Cette année, Thomas Takada est de retour à Toulon, à la Design Parade qui se tiendra du 25 au 28 juin. Les expositions, elles, restent visibles jusqu'au 30 août. Thomas Takada présente une oeuvre ambitieuse, une installation de grand format qui s'intitule Buisson Ardent. C'est un buisson de ronce, peuplé d'animaux, de végétaux, réalisé en collaboration avec deux maisons d'art du 19M, Goossens et Lemarié.
On va en parler dans cet épisode. Thomas Takada va nous expliquer l'importance de la main dans cette démarche qui est la sienne de réconciliation avec le monde. Et j'ai d'ailleurs commencé par lui demander quelle importance occupait cette culture manuelle dans sa famille.
**Thomas Takada** (2:21)
Le 19M présente Les Lignes de la main.
Ma mère, elle est artiste et donc on a toujours dessiné à la maison. Elle voulait toujours qu'on fasse des trucs manuels. Du côté aussi de mon grand-père, ça a été très important parce que mon grand-père était vraiment un personnage assez spécial.
**le19M** (2:45)
Votre grand-père français, japonais ?
**Thomas Takada** (2:47)
Français, oui, parce qu'il a fait une reconversion au moment pour devenir agriculteur.
Et quand je venais les été en France, on passait souvent des semaines sur la ferme à faire la récolte. On faisait pousser des prunes pour faire des pruneaux, des noisettes, des abricots, plein de choses comme ça. Donc il y a toujours eu quelque chose de très manuel comme ça lié à la terre, qui est très important pour moi. Et puis mon grand-père a été une figure aussi très importante dans ma vie parce qu'il m'a accompagné dans tous mes projets artistiques plus tard.
**le19M** (3:23)
Vous disiez que votre famille française avait été très importante dans ce qui vous avait été transmis, aussi qu'il y avait des influences japonaises, mais aussi que cette famille française, elle avait été très importante.
**Thomas Takada** (3:32)
Après je ne sais pas à quel point c'est une histoire de créativité, mais c'est vrai que c'était plutôt dans la construction d'une identité.

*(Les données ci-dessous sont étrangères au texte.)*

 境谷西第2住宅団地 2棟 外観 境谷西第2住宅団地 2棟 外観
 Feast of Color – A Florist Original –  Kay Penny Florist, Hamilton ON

Parce que ça, de grandir un peu partout, d'être de partout et nulle part en même temps, je me sens vraiment comme le produit de la mondialisation. Et donc quelque part d'une non-identité, de quelque chose de générique. Grandir aux États-Unis, je me sentais pas américain, pas vraiment japonais, peut-être plutôt français.
Au Japon, certainement pas japonais, même rejeté par le Japon. Et petit à petit, grâce à la famille effectivement, j'ai pu me construire une identité beaucoup plus française. Au moins créer une fondation sur laquelle je pouvais ensuite puiser ailleurs et être plus stable, me sentir plus stable en tant que personne.
**le19M** (4:19)
Vous, en fond, vous faisiez beaucoup de choses avec vos mains ?
**Thomas Takada** (4:23)
Il y a quand même quelque chose que j'ai toujours ressenti. C'était une attirance pour la construction, fascination pour les chantiers.
Il y a aussi quelque chose de hyper primitif. J'adorais construire des cabanes dans les bois.
**le19M** (4:39)
Mais c'était déjà assez élaboré ces cabanes ?
**Thomas Takada** (4:42)
Non, pas du tout.
**le19M** (4:43)
Pas du tout. Très simple.
**Thomas Takada** (4:44)
En fait, quelque part, ça ressemble à ce que je fais aujourd'hui, de juste ramasser des bouts de bois dans le parc et puis faire des structures un peu fragiles avec. Donc, rien de très sophistiqué.